All lines in the records below from the line with "Mercedes-Benz CE 230 2.3 R4 97kW" through the line with "2440 Monticello Ave" are to be given again exactly, both ends included; the pictures are to be left out.

----- Dataset

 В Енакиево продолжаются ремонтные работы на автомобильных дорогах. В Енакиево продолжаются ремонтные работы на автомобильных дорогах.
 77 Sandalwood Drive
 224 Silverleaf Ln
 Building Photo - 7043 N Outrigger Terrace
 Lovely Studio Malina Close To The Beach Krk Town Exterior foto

----------
----- Dataset

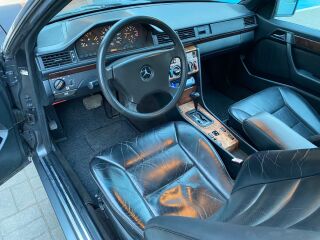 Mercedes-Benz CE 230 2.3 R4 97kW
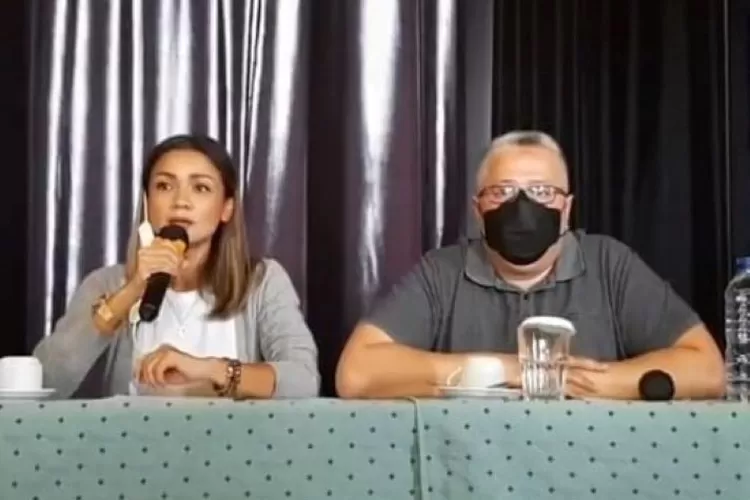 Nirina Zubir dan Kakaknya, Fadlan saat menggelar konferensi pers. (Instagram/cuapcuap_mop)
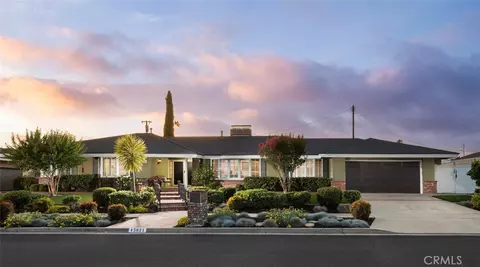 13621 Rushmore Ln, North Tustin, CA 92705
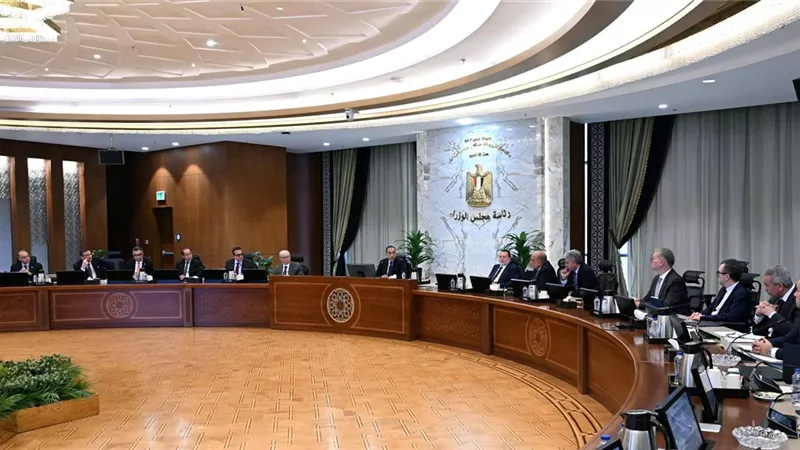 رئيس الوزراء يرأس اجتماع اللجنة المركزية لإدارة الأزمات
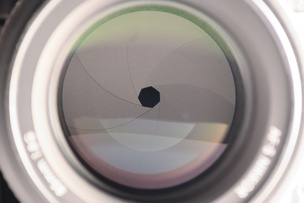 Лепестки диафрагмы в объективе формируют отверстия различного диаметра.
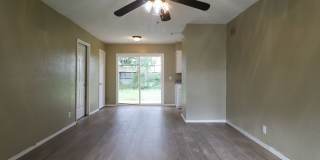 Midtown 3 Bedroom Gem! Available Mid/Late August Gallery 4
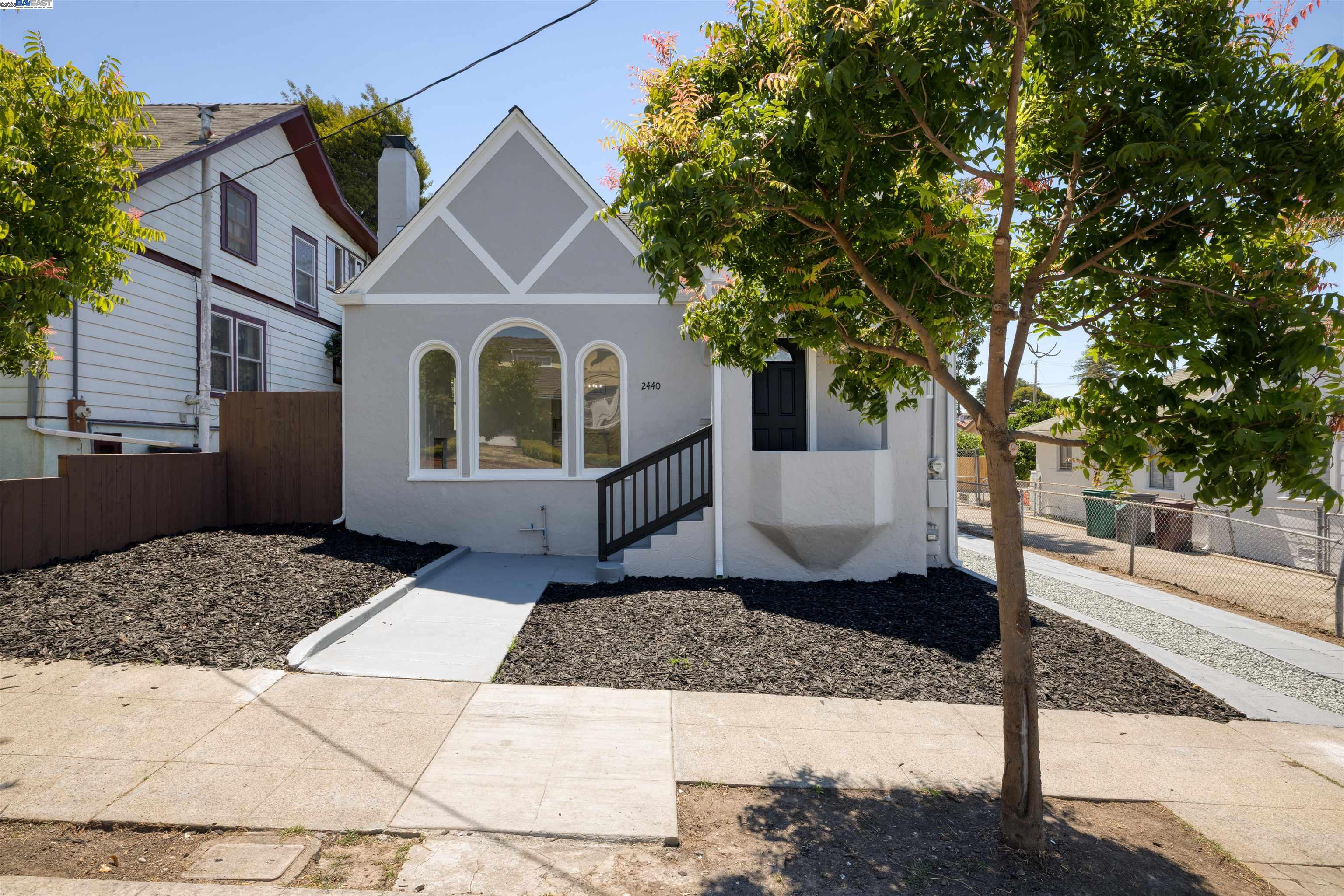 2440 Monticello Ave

----------

_Final answer_
 Mercedes-Benz CE 230 2.3 R4 97kW
 Nirina Zubir dan Kakaknya, Fadlan saat menggelar konferensi pers. (Instagram/cuapcuap_mop)
 13621 Rushmore Ln, North Tustin, CA 92705
 رئيس الوزراء يرأس اجتماع اللجنة المركزية لإدارة الأزمات
 Лепестки диафрагмы в объективе формируют отверстия различного диаметра.
 Midtown 3 Bedroom Gem! Available Mid/Late August Gallery 4
 2440 Monticello Ave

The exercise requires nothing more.